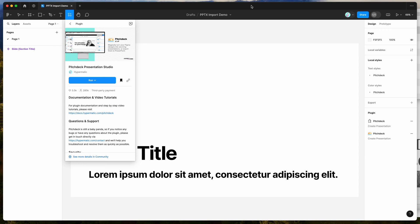Hey everyone, this is Adam, and today I'm going to be showing you a quick tutorial on how to import slides from a PowerPoint presentation file into your Figma file using the Pitch Deck presentation plugin.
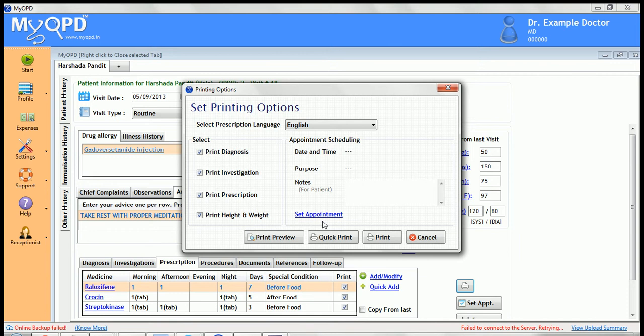If the diagnosis is to be kept secret and not shown on the printed prescription, remove the checkbox beside print diagnosis, and so on.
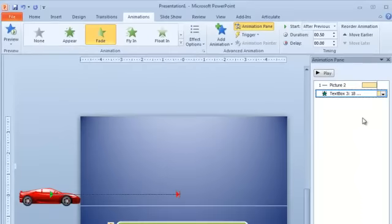Now, to move the car off the slide, I need to select the car and then click Add animation, so that another animation is added to the picture.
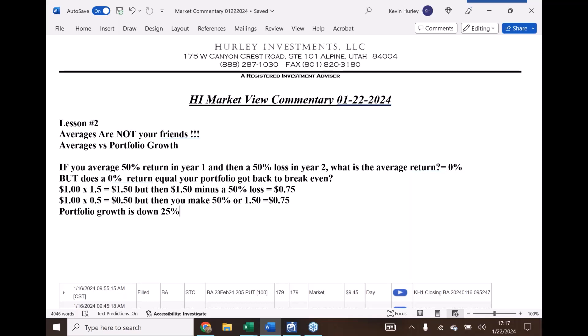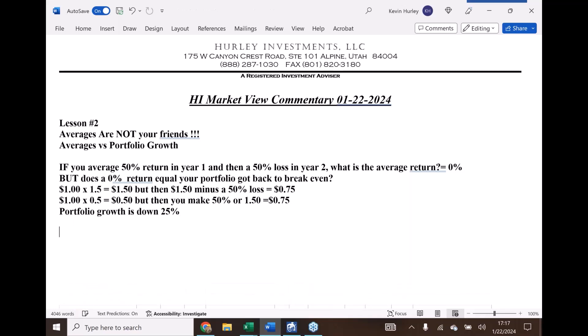This is what bothers me about the industry. Averages are not your returns. Averages are not portfolio growth. Averages are a very polite way to sound smart when you don't care about your client's portfolios and you're not willing to put the effort in. There's one other thing that really bothers me.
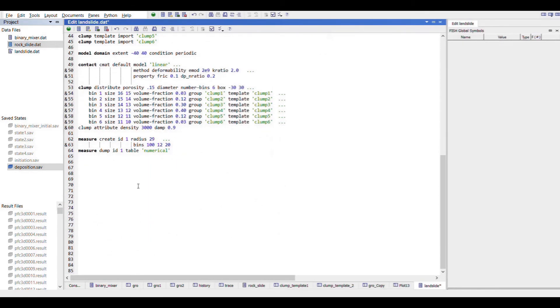We will use time scaling to achieve equilibrium quickly, and after that we will set the timestep back to auto mode.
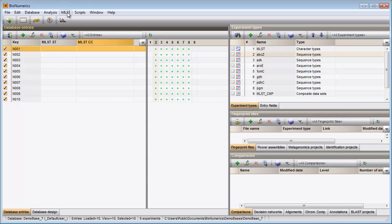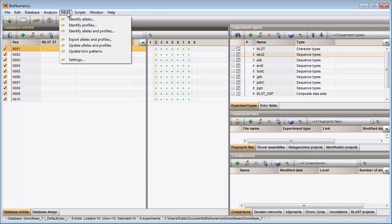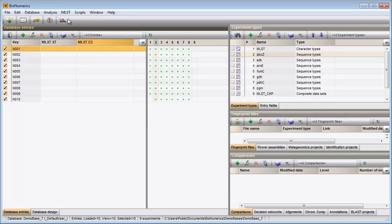I select MLSD, identify alleles. The matched allele IDs are stored in the corresponding character fields of the MLST character type.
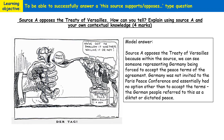Now let's look at a model answer. The question is: 'Source A opposes the Treaty of Versailles — how can you tell? Explain using Source A and your own contextual knowledge.' This is similar to an earlier example asking how you can tell a source opposes Germany, but this time it's specifically about the Treaty of Versailles, so you really need to focus in on that topic.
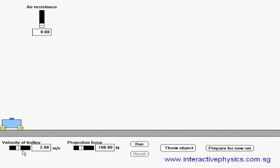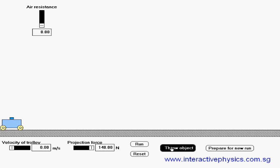Let's set the velocity to be zero — that is, the trolley is not moving. And use a force of 140 N to throw the object. Let's run it and throw the object.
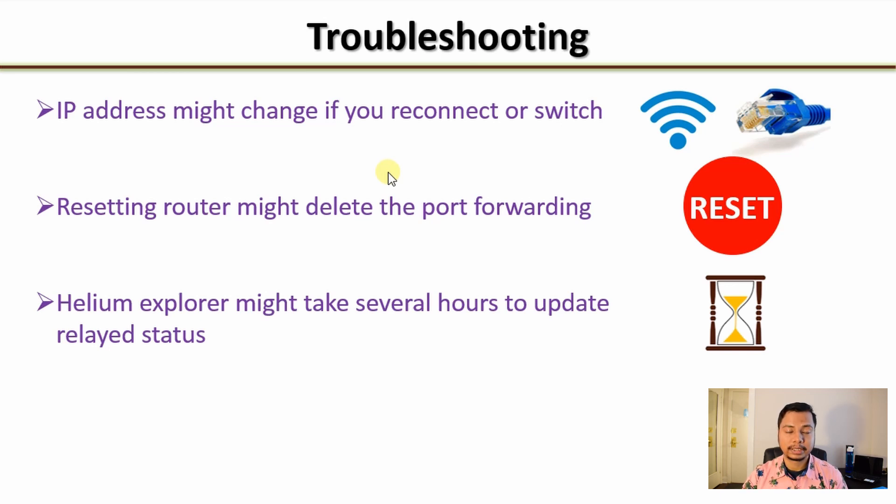And finally, remember that the Helium explorer might take several hours to show the correct status of your Helium hotspot. That's all for today. Hope this information will help you in fixing the relayed problem. If you have any more questions let me know in the comment section. Thanks for watching guys and get kryptonized.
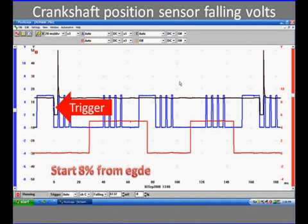If we trigger on the injector pattern, it's going to rewrite every time. And if we get any jumps or missing pulses, it's because something is missing in either the crank or the cam. This is why sometimes you have to pick a signal that is stable and relates to engine speed to give you a stable trigger.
* * *
Work request: Your copy must reproduce the entries above in full, without their pictures.

Answer box:
Hey everyone, this is Adam, and today I'm going to be showing you a quick tutorial on how to import slides from a PowerPoint presentation file into your Figma file using the Pitch Deck presentation plugin.
If the diagnosis is to be kept secret and not shown on the printed prescription, remove the checkbox beside print diagnosis, and so on.
Now, to move the car off the slide, I need to select the car and then click Add animation, so that another animation is added to the picture.
This is what bothers me about the industry. Averages are not your returns. Averages are not portfolio growth. Averages are a very polite way to sound smart when you don't care about your client's portfolios and you're not willing to put the effort in. There's one other thing that really bothers me.
We will use time scaling to achieve equilibrium quickly, and after that we will set the timestep back to auto mode.
I select MLSD, identify alleles. The matched allele IDs are stored in the corresponding character fields of the MLST character type.
Now let's look at a model answer. The question is: 'Source A opposes the Treaty of Versailles — how can you tell? Explain using Source A and your own contextual knowledge.' This is similar to an earlier example asking how you can tell a source opposes Germany, but this time it's specifically about the Treaty of Versailles, so you really need to focus in on that topic.
Let's set the velocity to be zero — that is, the trolley is not moving. And use a force of 140 N to throw the object. Let's run it and throw the object.
And finally, remember that the Helium explorer might take several hours to show the correct status of your Helium hotspot. That's all for today. Hope this information will help you in fixing the relayed problem. If you have any more questions let me know in the comment section. Thanks for watching guys and get kryptonized.
If we trigger on the injector pattern, it's going to rewrite every time. And if we get any jumps or missing pulses, it's because something is missing in either the crank or the cam. This is why sometimes you have to pick a signal that is stable and relates to engine speed to give you a stable trigger.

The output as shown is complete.